Mamobo

Van Berlijn gaat een aanzuigende werking uit op vrije jongens. Sinds ik me kan herinneren ben ik er zelf actief als ‘Freiberufler’ of ‘Freier Mitarbeiter’. Denk niet, zoals ik in mijn begintijd, dat kort ik wel even hip af tot ‘Freier’ want dat betekent hoerenloper. Zeg dan liever ‘freelancer‘. De vrije lans gaat terug naar de tijd van Sir Walter Scott’s Ivanhoe (“I offered Richard the service of my Free Lances, and he refused them”) en zelfs daarvoor. De lans stond pars pro toto voor de huurling, zoals dat nu de laptop doet.

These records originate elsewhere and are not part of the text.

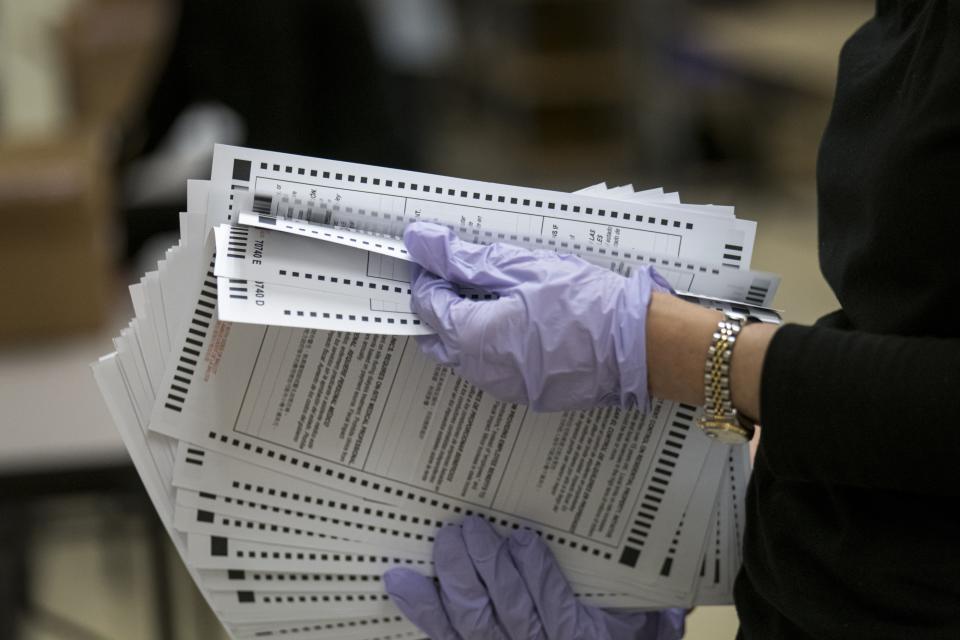 An election worker collects ballots while wearing protective gloves in Martinez, California, October 27, 2020.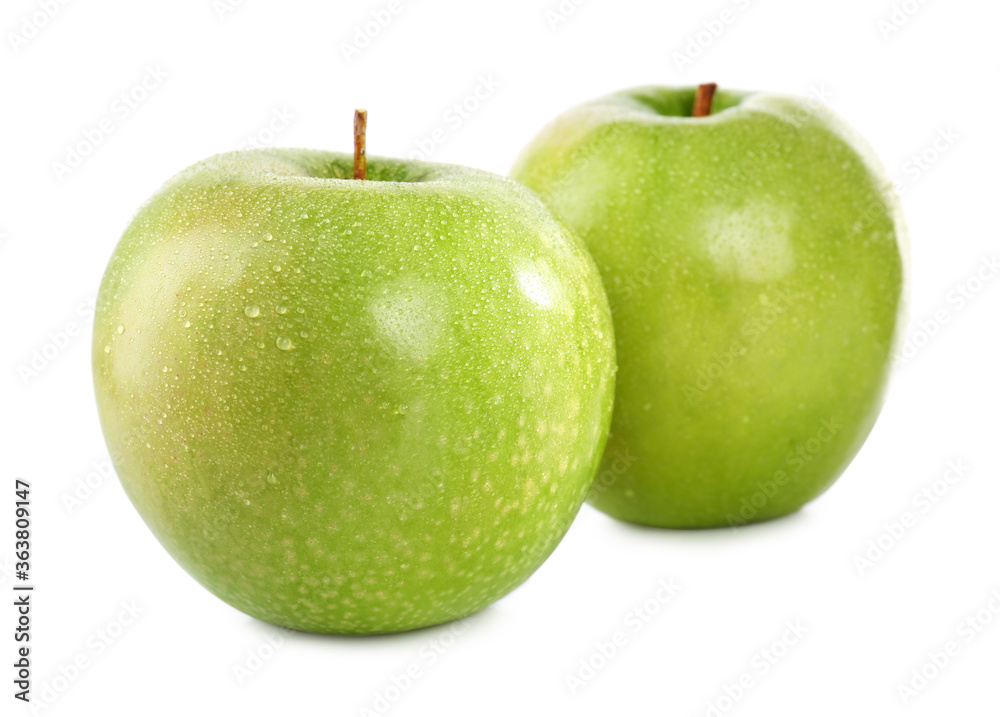 Fresh juicy green apples with water drops isolated on white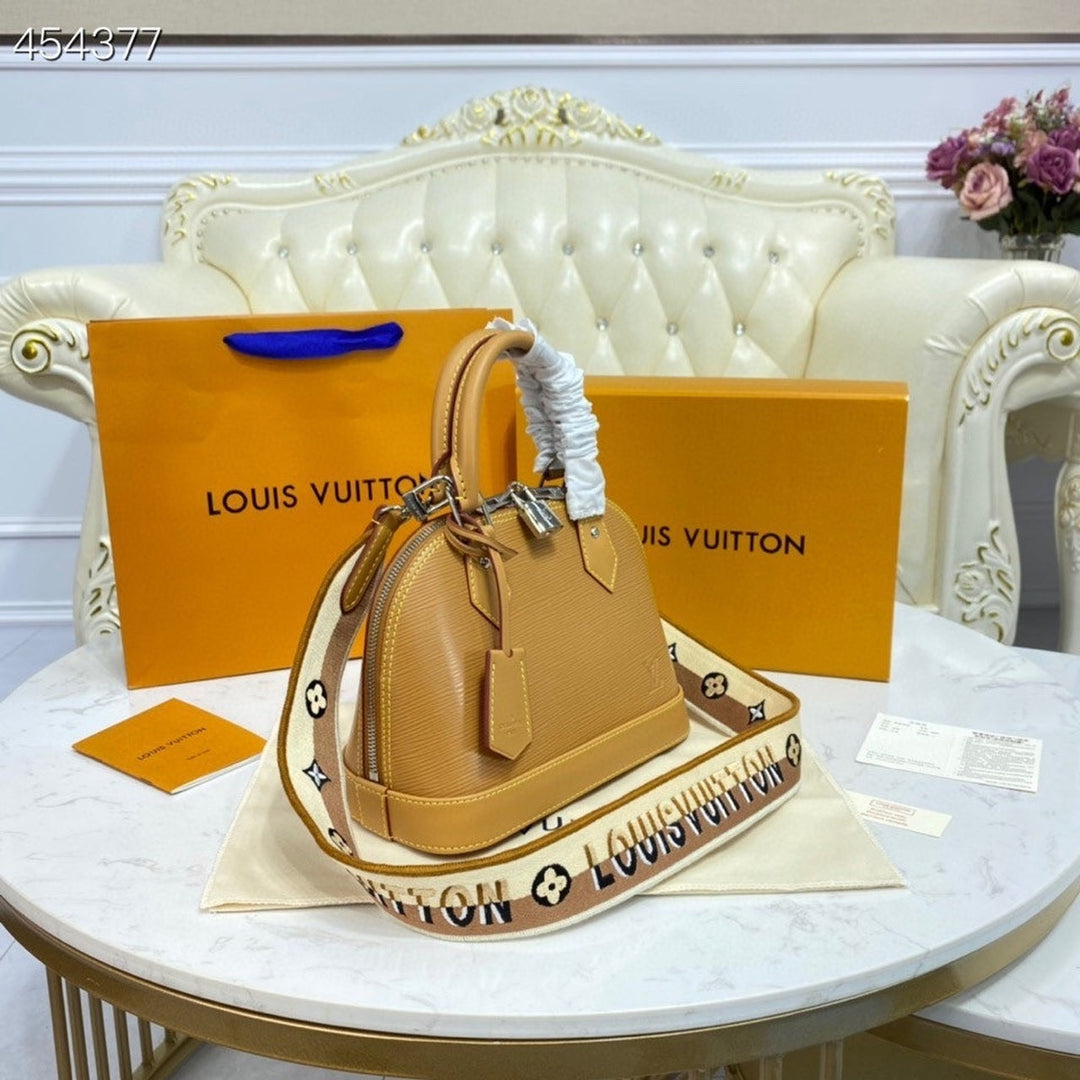 Louis Vuitton Alma BB Sunflower Yellow  Handbags, Shoulder And Crossbody Bags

Vrije lansen werken voor de veldslag, niet voor het vaderland. Vrije laptops werken to get the job done, niet voor een vader- of moederbedrijf. We steken de draak met de werkfetisj, omdat we niet verlegen zitten om een plek waar we tussen negen en vijf te horen krijgen wat we moeten doen.

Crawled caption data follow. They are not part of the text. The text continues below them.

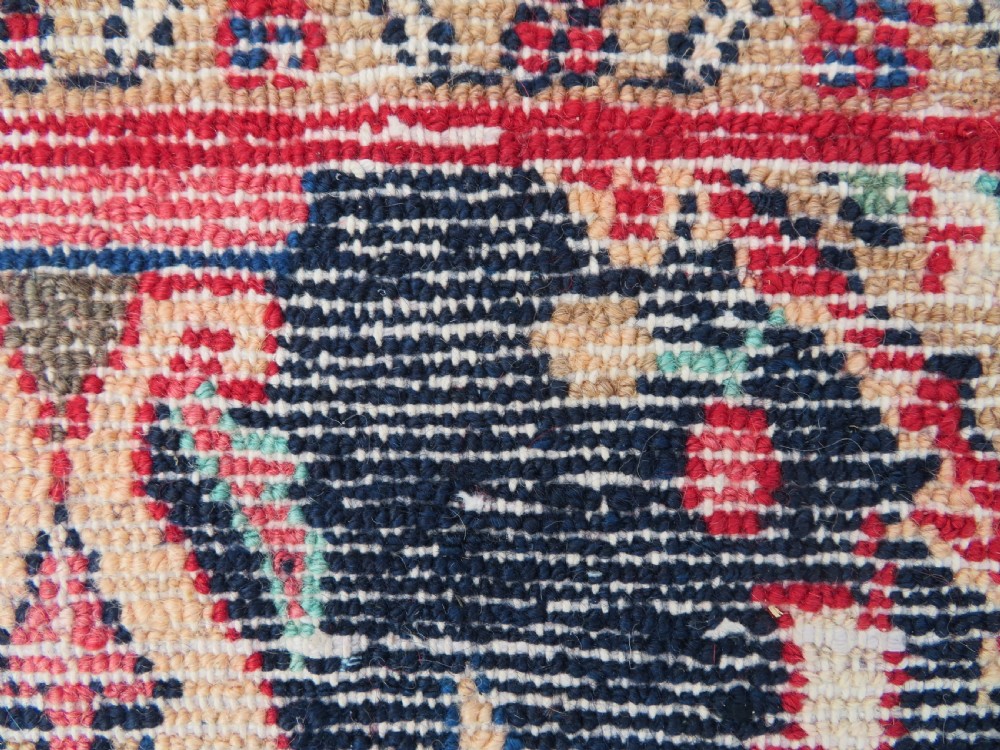 An extra-long antique Persian Sarouk runner rug crafted in wool with navy blue, crimson red, and ivory floral medallion motifs. View XIX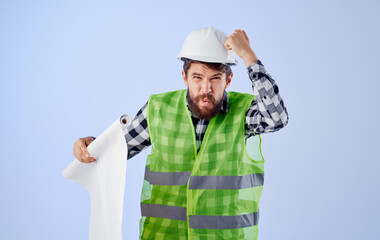 Man in working form blueprints professional security project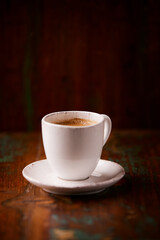 Cup of coffee on wooden background. Soft focus. Copy space	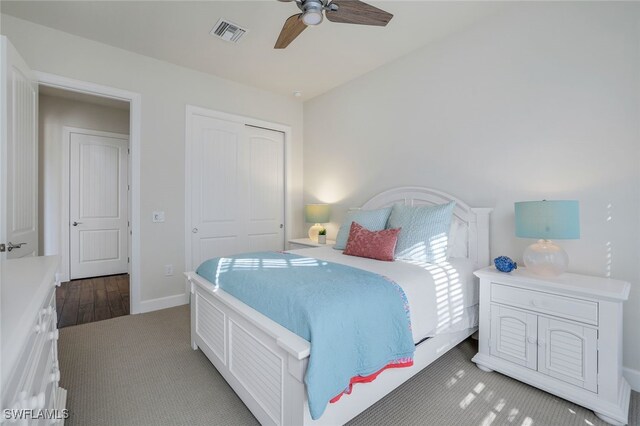 bedroom with a closet, dark colored carpet, and ceiling fan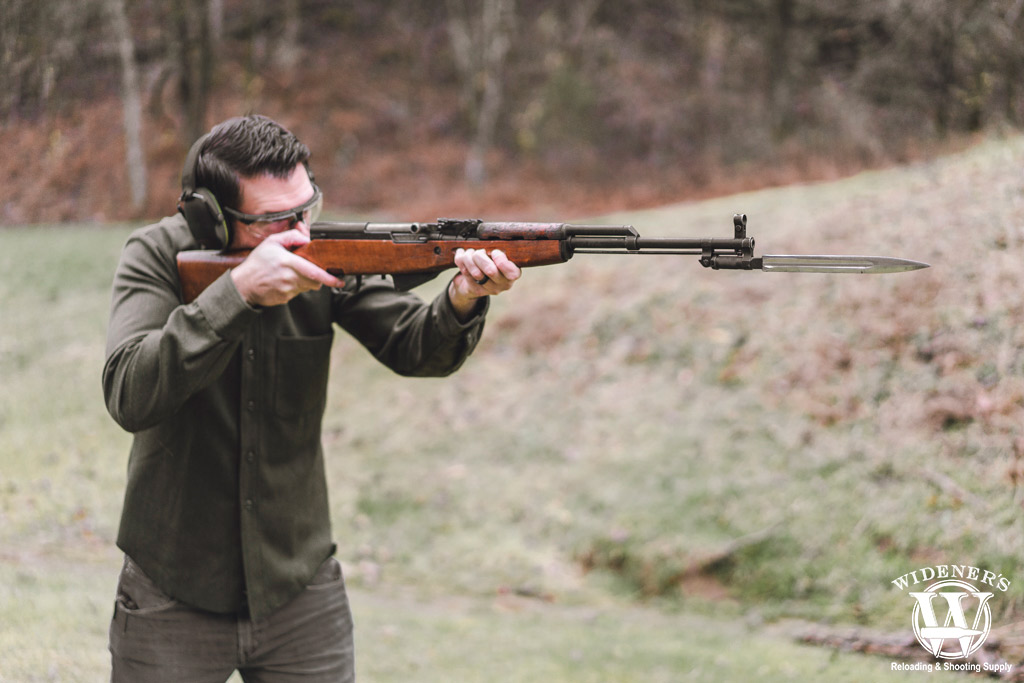 a man shooting an SKS rifle a photo of a man shooting an SKS rifle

Na de borrel spoel ik de flessen uit en ga ik aan het werk.

Iedere verdomde dag bepalen we dat zelf. Om zes uur opstaan en een script voor de manipulatie van big data programmeren, met een dozijn nieuwe klanten bellen, uitslapen tot een uur of elf of met onszelf een mamobo organiseren. Maandagmorgen een piña colada of een tequila sunrise, met een schijfje citroen en een scheut leedvermaak. Heer en meester zijn over je eigen tijd. Heer en meester zijn over je eigen vrijheid. Wat deert het ons, dat de vaandeldragers van de postmoderne denktanks vrijheid voorstellen als geven en krijgen, als jezelf inzepen met alles wat ‘men’ van je verwacht?

Trap er niet in.

Na de borrel spoel ik de flessen uit en ga ik aan het werk. De vraag “wat kan ik bijdragen aan de samenleving” wordt, als gevolg van de oprukkende robotisering, steeds urgenter. Vrije jongens, die niet zijn opgesloten in de kokon van een kantoor, waar ze geacht worden pas uit te komen bij hun pensioen op 75-jarige leeftijd, hebben eerder de neiging zich met zulke vraagstukken, die een paar decennia geleden als absurd zouden zijn afgedaan, bezig te houden. Uiteraard is dit hen ingefluisterd door eigenbelang, want ze ontberen meestal een arbeidsklok om de tijd de turven die ze nog ’te gaan’ hebben tot hun pensioen, om maar te zwijgen van dat pensioen zelf. Ze kunnen op het werk niet dagdromen over het moment dat ze uit hun kokon tevoorschijn zullen komen als een gouden vlinder.

Wanneer robots de betere chauffeurs, bouwvakkers, vertalers, röntgenologen, kassières en romanschrijvers zijn, zal ons moralistische kompas op tilt slaan. Er zal een spook rondwaren dat uit is op bezinning. Waar is het ons collectief nu eigenlijk om te doen? Die vraag zal branden op de werkloze lippen. Het grootste geluk voor het grootste aantal, daar zal men het in de meeste stroeve democratieën wel over eens zijn. En in een wereld waar bullshit jobs prolifereren, is de beste mogelijkheid om bij te dragen aan de geluksindex van jouw land (want aan een nationalistisch sausje ontkomen we voorlopig niet) het aanzwengelen van je eigen geluk. En wanneer je daartoe de moed ontbreekt heb je een negatieve invloed op voornoemde Index (want aan een fundamentalistisch sausje ontkomen we voorlopig ook niet) en ben je moreel gezien niet helemaal proper. De brave kantoorlul die doet wat hem wordt opgedragen en op vrijdagmiddag zijn ongeluk met witbier wegspoelt, voordat hij thuis komt bij een chagrijnige eega die hem structureel de zweep weigert, is niet langer ethisch verantwoord.

Jeder ist seines Glückes Schmied, zegt de Duitser. Een mamobo maakt dus niet alleen gelukkig, maar zal ooit ons elfde gebod zijn.